_Assignment_
Would you return, word for word, the lines of the data below from the line with "MKVAXR Bobina di" through the line with "Metal Cologne Cathedral", and no others?

_Input data_
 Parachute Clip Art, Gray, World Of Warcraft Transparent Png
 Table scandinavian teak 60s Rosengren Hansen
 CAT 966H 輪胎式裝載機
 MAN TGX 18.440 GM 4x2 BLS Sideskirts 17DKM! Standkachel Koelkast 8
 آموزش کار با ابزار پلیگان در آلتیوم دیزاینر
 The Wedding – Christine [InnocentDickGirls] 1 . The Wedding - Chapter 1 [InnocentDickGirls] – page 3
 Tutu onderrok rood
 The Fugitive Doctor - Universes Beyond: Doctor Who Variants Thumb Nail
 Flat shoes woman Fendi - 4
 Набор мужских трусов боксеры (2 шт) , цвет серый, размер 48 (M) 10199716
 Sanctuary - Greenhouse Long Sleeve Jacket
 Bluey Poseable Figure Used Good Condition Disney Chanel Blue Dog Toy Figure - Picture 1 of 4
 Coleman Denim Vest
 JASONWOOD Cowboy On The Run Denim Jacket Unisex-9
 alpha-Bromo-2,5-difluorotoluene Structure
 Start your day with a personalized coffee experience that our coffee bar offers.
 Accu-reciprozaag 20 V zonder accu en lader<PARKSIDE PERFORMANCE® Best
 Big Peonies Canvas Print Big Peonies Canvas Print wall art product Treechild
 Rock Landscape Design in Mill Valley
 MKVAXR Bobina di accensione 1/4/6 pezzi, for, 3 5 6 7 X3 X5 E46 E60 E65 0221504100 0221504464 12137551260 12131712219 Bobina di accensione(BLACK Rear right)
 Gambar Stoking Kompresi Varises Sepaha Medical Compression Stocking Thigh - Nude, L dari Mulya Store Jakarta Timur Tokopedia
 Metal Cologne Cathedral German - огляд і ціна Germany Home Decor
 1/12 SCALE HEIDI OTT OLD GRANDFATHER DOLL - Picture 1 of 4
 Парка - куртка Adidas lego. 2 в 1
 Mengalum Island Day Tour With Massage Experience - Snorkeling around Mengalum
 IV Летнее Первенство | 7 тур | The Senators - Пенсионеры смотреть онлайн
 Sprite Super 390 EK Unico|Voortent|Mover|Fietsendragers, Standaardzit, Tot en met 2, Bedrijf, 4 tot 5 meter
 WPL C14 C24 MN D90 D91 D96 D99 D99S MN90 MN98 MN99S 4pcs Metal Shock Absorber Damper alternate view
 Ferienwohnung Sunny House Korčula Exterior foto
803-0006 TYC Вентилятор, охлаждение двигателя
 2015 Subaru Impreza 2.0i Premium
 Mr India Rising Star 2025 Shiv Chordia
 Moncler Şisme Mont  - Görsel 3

_Solution below_
 MKVAXR Bobina di accensione 1/4/6 pezzi, for, 3 5 6 7 X3 X5 E46 E60 E65 0221504100 0221504464 12137551260 12131712219 Bobina di accensione(BLACK Rear right)
 Gambar Stoking Kompresi Varises Sepaha Medical Compression Stocking Thigh - Nude, L dari Mulya Store Jakarta Timur Tokopedia
 Metal Cologne Cathedral German - огляд і ціна Germany Home Decor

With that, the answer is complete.